Bales attributed the fall in price to the population explosion which had “glutted the world with potentially enslavable people”.
Worldwide, about 40 million people were estimated to be trapped as slaves in 2016, mostly women and girls, in forced labor, sexual exploitation and forced marriages, with global trafficking estimated to raise $150 billion in profits a year.
North Korean defector Jihyun Park told how she was trafficked to China where she was sold for 5000 yuan ($750) to an alcoholic, violent farmer.
“He said I’ve paid for you so you must work. I spent six years as his slave,” Park said.
Thousands of North Korean women are believed to have been trafficked as wives and sex workers inside China where the one-child policy has skewed the gender ratio.

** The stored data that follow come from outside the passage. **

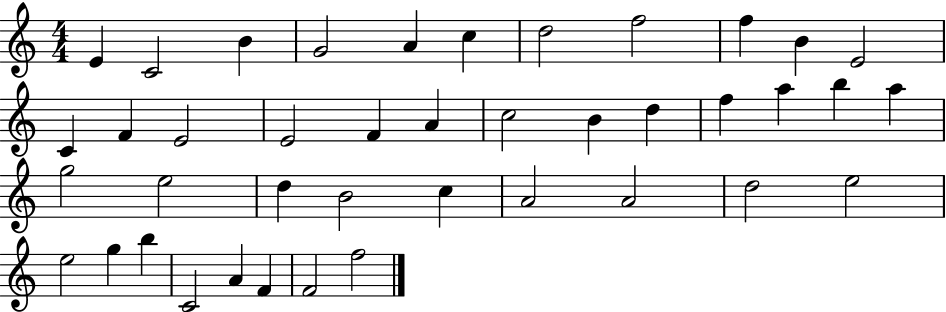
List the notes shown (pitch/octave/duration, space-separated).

E4/q C4/h B4/q G4/h A4/q C5/q D5/h F5/h F5/q B4/q E4/h C4/q F4/q E4/h E4/h F4/q A4/q C5/h B4/q D5/q F5/q A5/q B5/q A5/q G5/h E5/h D5/q B4/h C5/q A4/h A4/h D5/h E5/h E5/h G5/q B5/q C4/h A4/q F4/q F4/h F5/h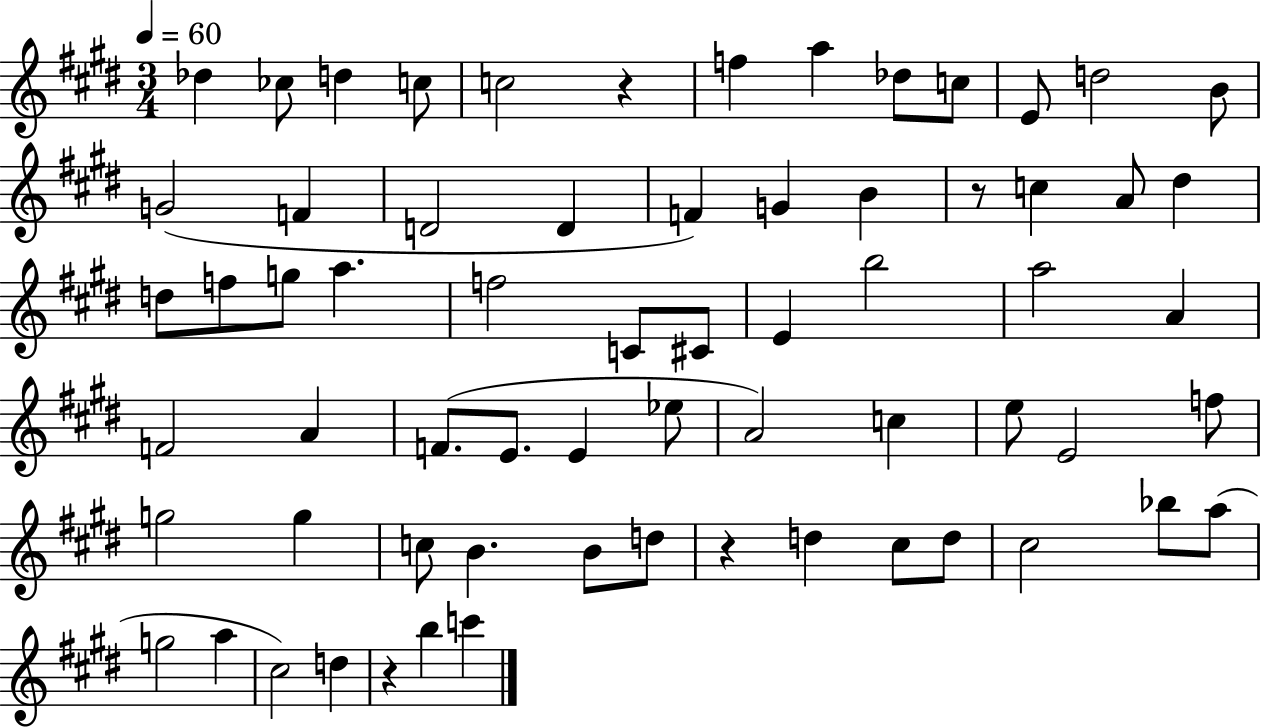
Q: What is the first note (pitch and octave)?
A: Db5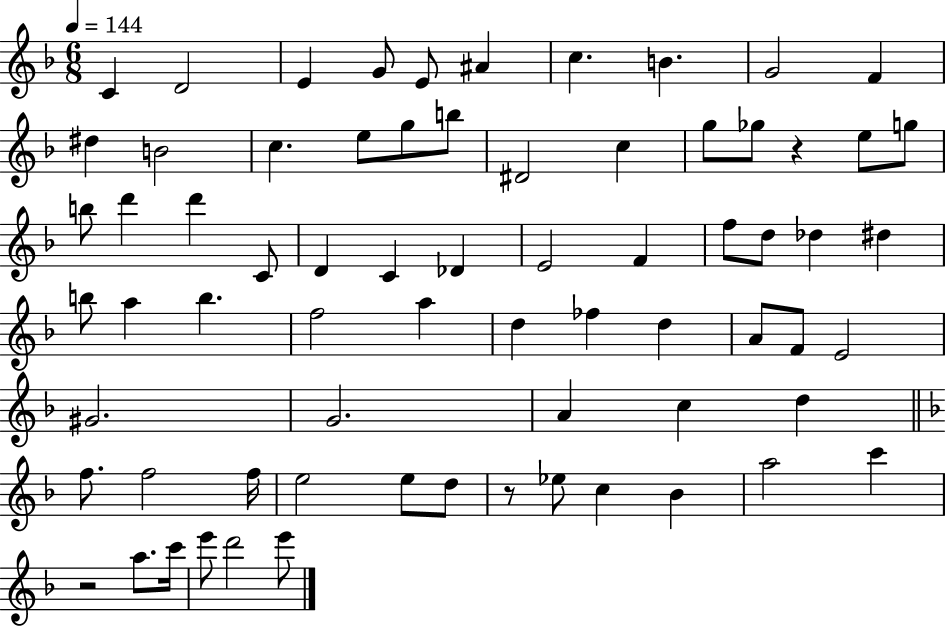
{
  \clef treble
  \numericTimeSignature
  \time 6/8
  \key f \major
  \tempo 4 = 144
  \repeat volta 2 { c'4 d'2 | e'4 g'8 e'8 ais'4 | c''4. b'4. | g'2 f'4 | \break dis''4 b'2 | c''4. e''8 g''8 b''8 | dis'2 c''4 | g''8 ges''8 r4 e''8 g''8 | \break b''8 d'''4 d'''4 c'8 | d'4 c'4 des'4 | e'2 f'4 | f''8 d''8 des''4 dis''4 | \break b''8 a''4 b''4. | f''2 a''4 | d''4 fes''4 d''4 | a'8 f'8 e'2 | \break gis'2. | g'2. | a'4 c''4 d''4 | \bar "||" \break \key f \major f''8. f''2 f''16 | e''2 e''8 d''8 | r8 ees''8 c''4 bes'4 | a''2 c'''4 | \break r2 a''8. c'''16 | e'''8 d'''2 e'''8 | } \bar "|."
}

In Bangladesh, Asif Saleh, of development agency BRAC, said Rohingya refugee women fleeing Myanmar and arriving in Bangladesh were being sold for as little as 5 pounds ($6.60).
Aid agencies say traffickers often exploit crises to prey on vulnerable people separated from their families and communities.
Nepalese nun and kung fu teacher Jigme Wangchuk Lhamo, who helps families displaced by the country’s 2015 earthquake, told the conference that people were selling their daughters, sisters and mothers to traffickers after the disaster in order to rebuild their homes.
“Some men just see girls as a bunch of money,” she said.
In northern Kenya’s pastoralist region, lawyer Fatuma Abdulkadir Adan said child brides as young as nine were sold for eight cows or eight camels - worth about $800.
“Girls become commodities and they have no voice, no one asks what the girl wants,” said Adan, who uses football to help tackle child marriage and female genital mutilation.
But it is not just rich countries where girls are sold off.
Sarah, forced into prostitution as a child in Britain, said the gang who groomed her said she would have to have sex every day until she had paid off a “debt” of 75,000 pounds.
“They told me I belonged to them and until my debt was cleared I had to work for them,” she said.